Divan Yolu çevresinde yetişen bu kuşak, gün gelecek divan siyasetine de yön verecekti. Nitekim muhafazakar siyasetin entelektüel bilinci Sultanahmet Çevresi'nden doğdu. Buradaki isimler 2002 sonrasının medya, kültür ve fikir hayatının aktörleri oldular. Yazıları, söylemleri ve ilişkileriyle Ak Parti üzerinde etkili oldular. Ona yol gösterdiler, ona katıldılar, ona kurucu fikirler sundular ve ona yar oldular. Muhafazakar siyaset, siyasal teşkilat olarak İstanbul’da doğmuştu, entelektüel müktesebat ile de Sultanahmet Çevresi'nden. Bundan dolayı büyük reformcu atılımlar gerçekleşti. Bütün Türkiye’yi kucaklayan ve seferber eden bir siyasal coşku ve bilinç oluştu.

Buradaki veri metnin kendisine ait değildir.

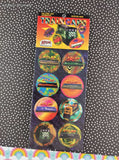 Vintage Atlas Model Railroad Co. Train Cars #1003 Locomotives Pogs Set/8 Milk Caps NEW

Bugün en büyük meselemiz Sultanahmet Çevresi gibi ortamların canlanması ve çoğalmasıdır. Fikri hayatımızın can suyu olan bu ortamlarda fikir ve bilimin serbest bir biçimde dolaşmasıdır. Çünkü entelektüel ab-ı hayat serbest düşünme ve tartışma çevreleriyle oluşur, kuşaklarla gerçekleşir, serbest fikirlerle boy atar. Millet, aralarında ekmeklerini bölüşen aydınlarla aydınlanır. Bayram, milletin aydınlanarak karanlıklarda kurtulduğu zamanlarda sevincin ve muhabbetin timsali olur. Böyle bayramlarda buluşmak umuduyla, bayramlarınızı en içten duygularımla kutluyorum! Bana iftira atanların da bayramı mübarek olsun!